Well, the wait for a long-promised security fix might finally be over. SP2 is expected to be released (and made available for download) very soon, and Microsoft will roll the service pack out to its Windows Update service later in the month. Boxed retail versions of Windows XP with SP2 are expected to hit store shelves by the end of October.

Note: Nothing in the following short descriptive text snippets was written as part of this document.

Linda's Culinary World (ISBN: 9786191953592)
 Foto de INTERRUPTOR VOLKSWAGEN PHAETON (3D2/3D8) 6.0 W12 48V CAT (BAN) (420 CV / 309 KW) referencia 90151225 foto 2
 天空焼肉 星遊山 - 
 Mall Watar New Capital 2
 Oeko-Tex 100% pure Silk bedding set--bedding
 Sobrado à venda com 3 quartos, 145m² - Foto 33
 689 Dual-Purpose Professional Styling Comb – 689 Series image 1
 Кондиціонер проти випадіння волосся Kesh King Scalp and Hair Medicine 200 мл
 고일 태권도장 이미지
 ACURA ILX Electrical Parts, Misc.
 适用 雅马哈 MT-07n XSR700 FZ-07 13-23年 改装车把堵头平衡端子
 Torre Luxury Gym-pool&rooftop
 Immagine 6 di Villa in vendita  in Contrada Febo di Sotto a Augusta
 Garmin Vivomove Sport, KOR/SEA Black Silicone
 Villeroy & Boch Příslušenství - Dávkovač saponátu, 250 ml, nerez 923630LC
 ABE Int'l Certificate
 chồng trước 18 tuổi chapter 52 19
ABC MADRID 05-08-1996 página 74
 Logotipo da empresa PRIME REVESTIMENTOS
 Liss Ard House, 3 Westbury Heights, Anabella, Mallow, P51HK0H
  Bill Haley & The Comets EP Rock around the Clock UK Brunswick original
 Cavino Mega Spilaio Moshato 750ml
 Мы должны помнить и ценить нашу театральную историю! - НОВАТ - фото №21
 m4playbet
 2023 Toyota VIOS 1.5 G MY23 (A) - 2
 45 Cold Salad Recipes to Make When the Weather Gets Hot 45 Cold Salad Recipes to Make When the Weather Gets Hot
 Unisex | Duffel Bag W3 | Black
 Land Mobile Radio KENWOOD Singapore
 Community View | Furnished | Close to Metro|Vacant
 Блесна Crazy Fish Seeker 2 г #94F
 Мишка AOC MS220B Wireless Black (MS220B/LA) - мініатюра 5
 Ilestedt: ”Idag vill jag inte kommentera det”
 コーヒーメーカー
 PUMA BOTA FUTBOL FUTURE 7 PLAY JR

We suggest you update your PC with SP2, since it promises to make your Windows XP Home or Professional system more secure and give you better control over your security settings. And we recommend that you use Windows' built-in update system to do the update. You can get the update more quickly if you seek out the download from Microsoft's site, but by waiting for the automatic update (it might be a few weeks), you give Microsoft time to fix its fixes, if need be.
Advantages of SP2
SP2 will protect your PC better against intruders and unwanted software than past versions of Windows did. The new Windows Firewall replaces the old Internet Connection Firewall (ICF) and is turned on by default. In our experience with a beta version of SP2 (Release Candidate 2), Windows Firewall was more vigilant than ICF in blocking unwanted programs, although sometimes a bit too vigilant. For example, Windows Firewall blocked programs that had legitimate reason to access our test system, such as ActiveSync software for a Pocket PC handheld. Thankfully, you can easily make exceptions from the Control Panel to allow through programs you know and trust.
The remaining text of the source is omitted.